Hungary’s parliamentary justice committee voted today not to take up for discussion a constitutional amendment proposed by Jobbik MP Gabor Staudt banning the sale of residency bonds.
Jobbik’s proposal comes after the amendment proposed by Prime Minister Viktor Orbán to prohibit the compulsory resettlement of refugees in Hungary without the consent of the Hungarian parliament failed to achieve a two-thirds parliamentary majority.
Jobbik had conditioned its support of the amendment on putting an end to the residency bond program which enables wealthy foreigners and their family members to settle in Hungary (thereby granting the right of free movement within the Schengen zone).
Although Orbán and other high-ranking government officials have talked about possibly ending the program at the end of 2016, it remains to be seen whether parliament takes up the issue for debate.
Shortly after announcing that the October 2 referendum on the EU’s proposed migrant resettlement quota scheme had failed, Orbán declared victory and personally proposed an amendment to the Fundamental Law based on the idea of constitutional identity.
But having lost two seats in parliament since 2014 (making the ruling alliance two seats shy of the supermajority needed to modify the constitution), Fidesz-KDNP was forced to seek the support of opposition parties.

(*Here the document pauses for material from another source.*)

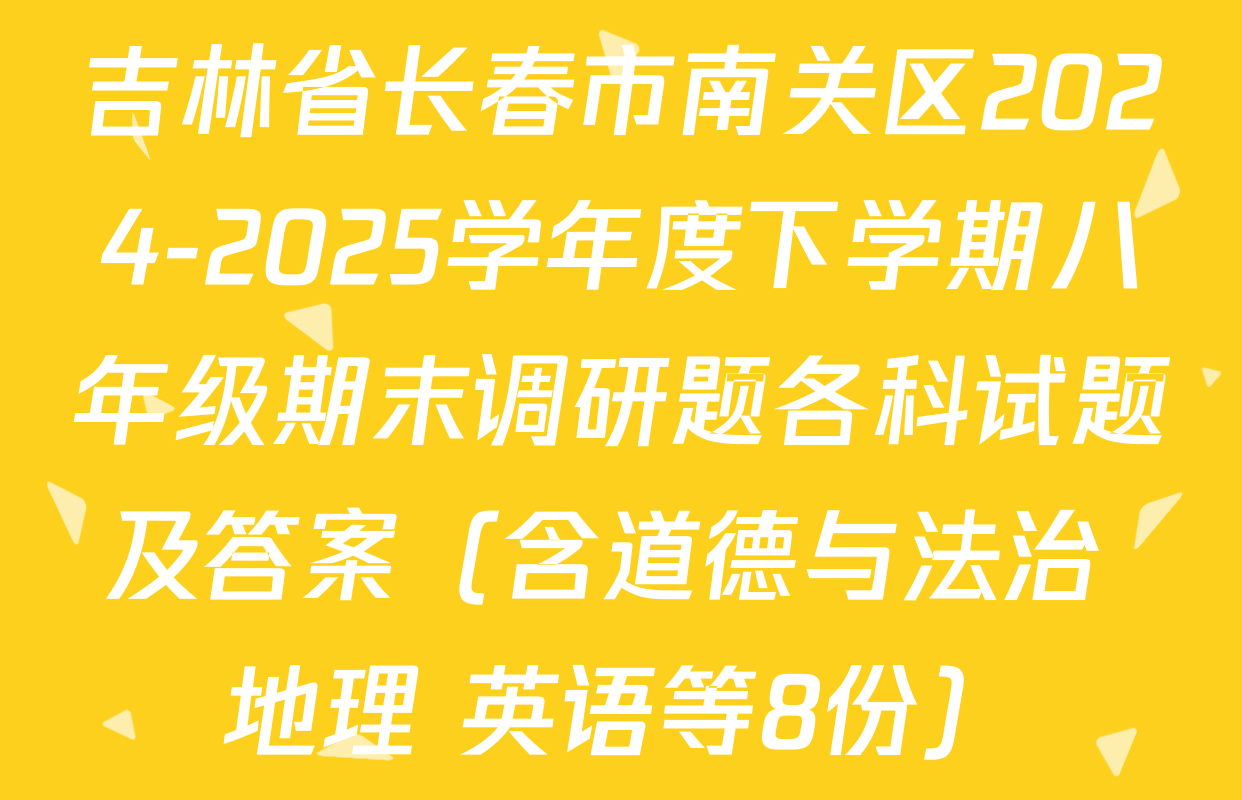 吉林省长春市南关区2024-2025学年度下学期八年级期末调研题各科试题及答案（含道德与法治 地理 英语等8份）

Jobbik offered to support the amendment on the condition that Hungary’s controversial residency bond program be shut down.
A meeting between Orbán and Jobbik chairman and parliamentary delegation leader Gábor Vona proved unfruitful. Orbán did not budge on the residency bond program, so Jobbik did not vote for the constitutional modification.
Weeks later, Jobbik submitted its version of Orbán’s proposal, the only difference being that it bans the sale of residency bonds.